I love throwing a first year conference. Don’t get me wrong — I love throwing all of our other conferences (Defrag – yr 5 and Glue – yr 3), but throwing a first year conference is special. The reason: the people coming have no expectations, or more properly, no idea what to expect — so when you deliver, people get to walk away with this stunned look on their faces.
Of course, when I was talking to vendors that haven’t ever worked with me/us before (6 months ago), plenty of them didn’t believe that we’d make Blur work. Hell, some of them didn’t believe we could make Blur work without them. They were wrong. Deeply, deeply wrong.
Late last night, I received an email from a PR person I’ve been working with confirming that Dr. Rosalind Picard of MIT would be able to join us on February 23rd for a keynote presentation. If you don’t know Dr. Picard, well, how do you not know of Dr. Picard? She’s an amazing addition to what I think was already a pretty incredible agenda.
And here’s the thing: It’s not even about the agenda. It’s about the conversations that the agenda will foster. The list of people coming to Blur — from researchers to hackers to entrepreneurs to implementers – it’s a concentration of brilliance that I simply have not ever seen before.

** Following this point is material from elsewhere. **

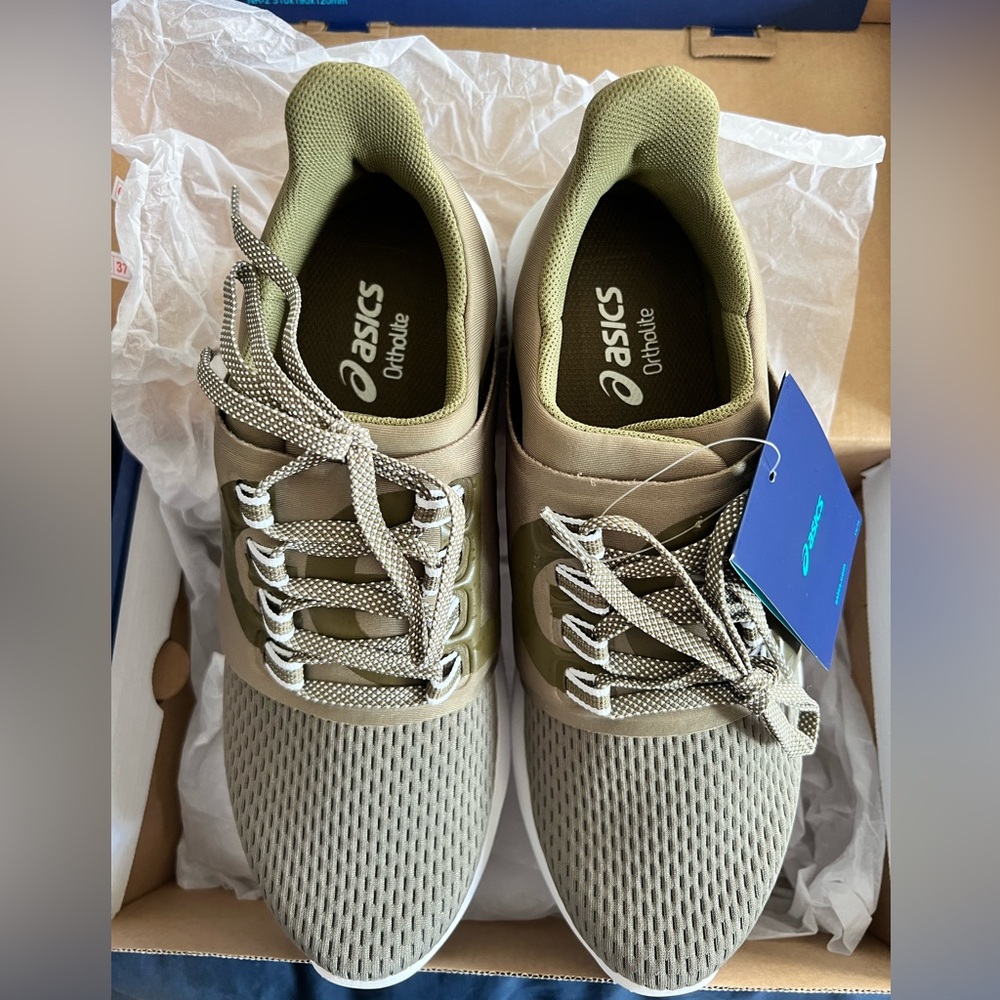 NIB ASICS Gel-Kenun Lyte Size 8.5
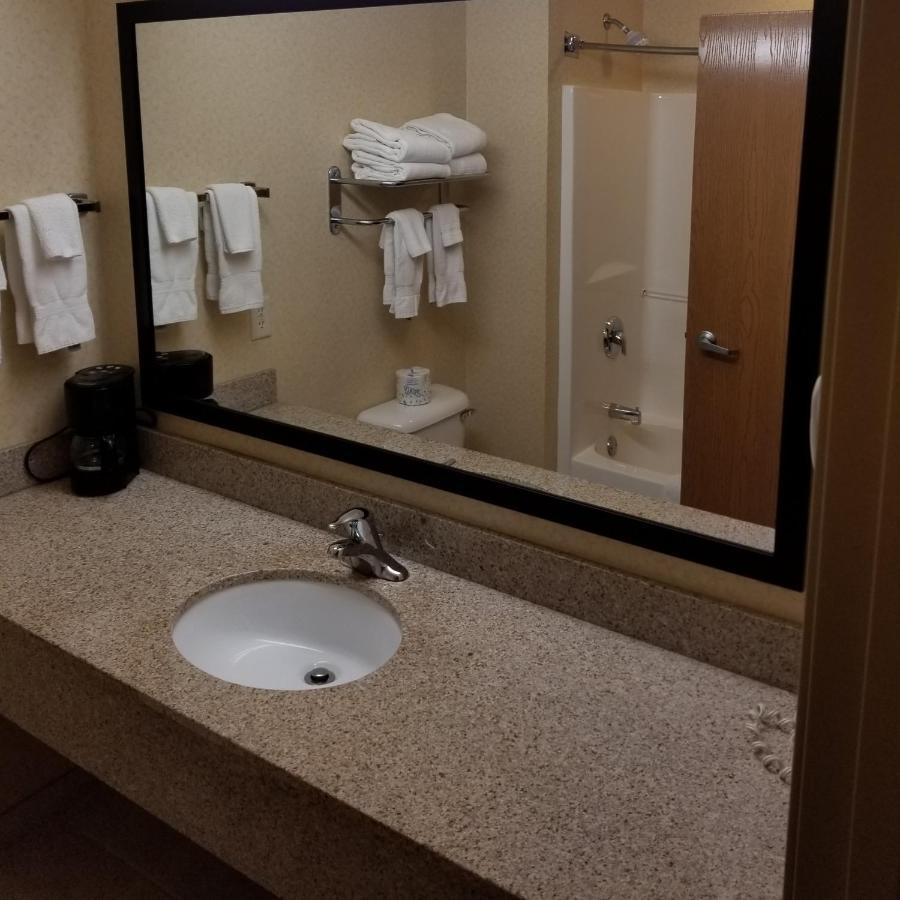 Cobblestone Suites - リポン市 エクステリア 写真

We’ve still got a ton of operational work to do in the next 4.5 weeks, but hey – that’s what we do (or, more properly, what my wife Kim does — spectacularly, I might add). Bottom-line: Blur is going to be a screaming success. I have no doubt that those who join us will walk away thinking it’s the kind of show and conversation that they just can’t get elsewhere. That’s not a statement of arrogance. That’s a statement borne of the experience of doing this for over a decade, and seeing the people that are registering.
I hope you’ll choose to be part of that conversation.